TASK INPUT:

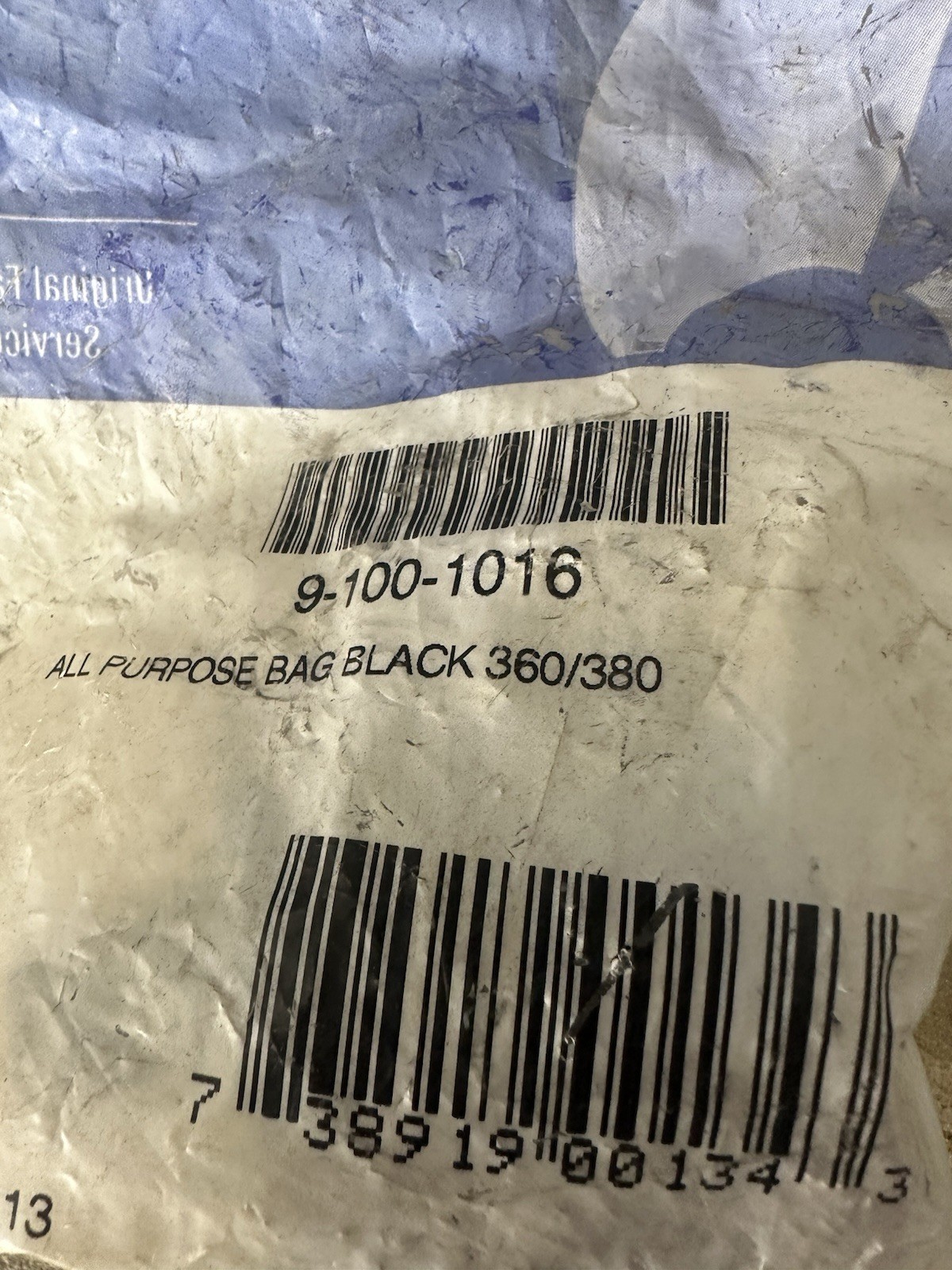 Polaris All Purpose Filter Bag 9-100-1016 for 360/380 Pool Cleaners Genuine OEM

==

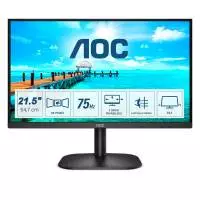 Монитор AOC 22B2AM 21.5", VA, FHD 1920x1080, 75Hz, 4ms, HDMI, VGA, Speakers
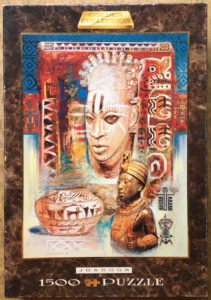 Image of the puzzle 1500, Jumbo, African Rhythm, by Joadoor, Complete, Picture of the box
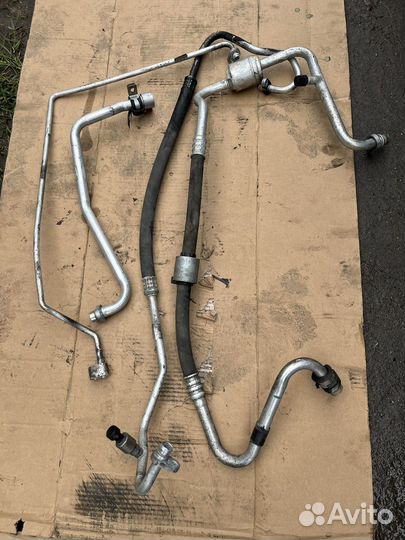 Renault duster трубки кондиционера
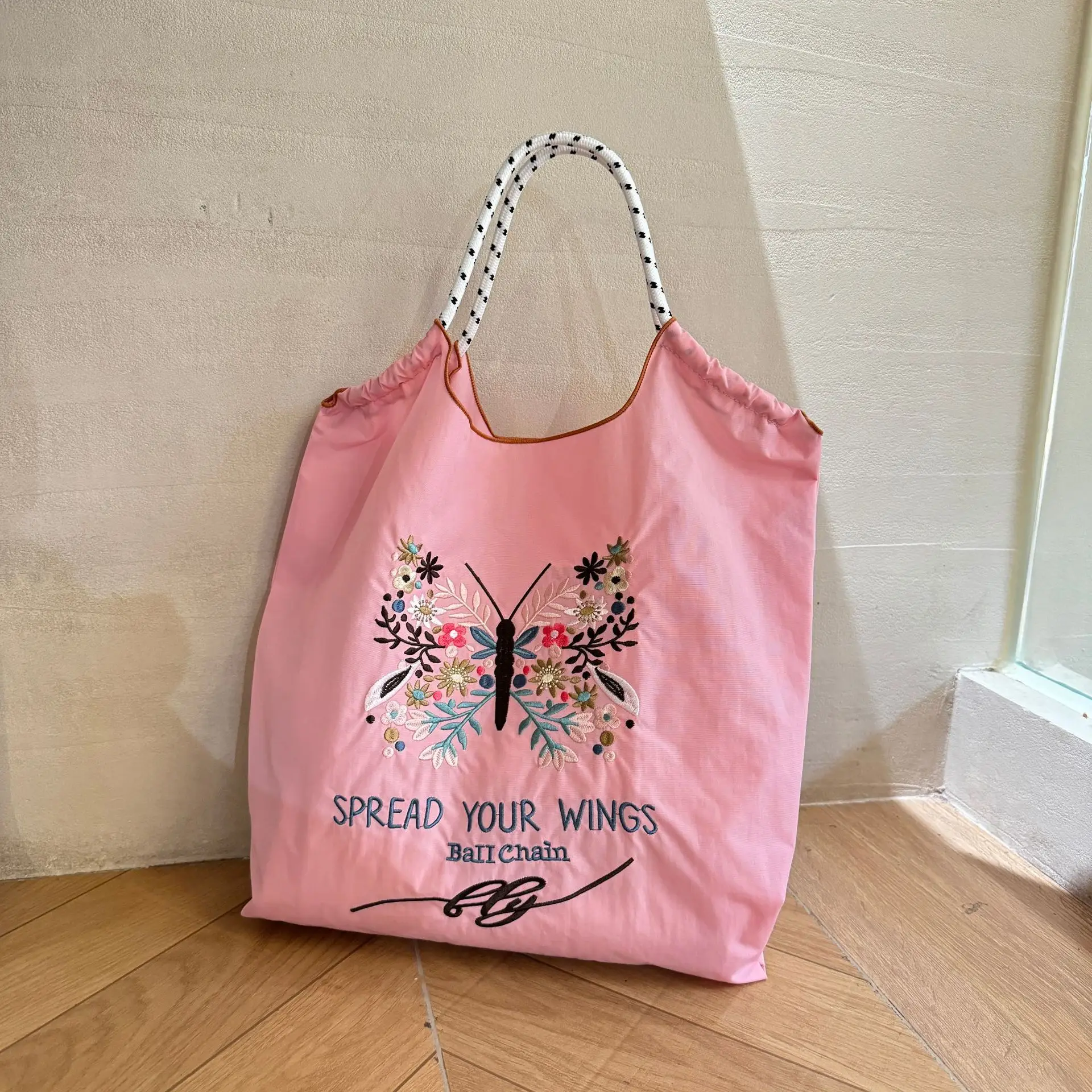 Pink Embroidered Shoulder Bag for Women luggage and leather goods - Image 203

DIRECTIONS: Return exactly the part of the listing above that opens with the line containing "Image of the" and closes with the line containing "Pink Embroidered Shoulder". Pictures stay out.

RESULT OF THE TASK:
 Image of the puzzle 1500, Jumbo, African Rhythm, by Joadoor, Complete, Picture of the box
 Renault duster трубки кондиционера
 Pink Embroidered Shoulder Bag for Women luggage and leather goods - Image 203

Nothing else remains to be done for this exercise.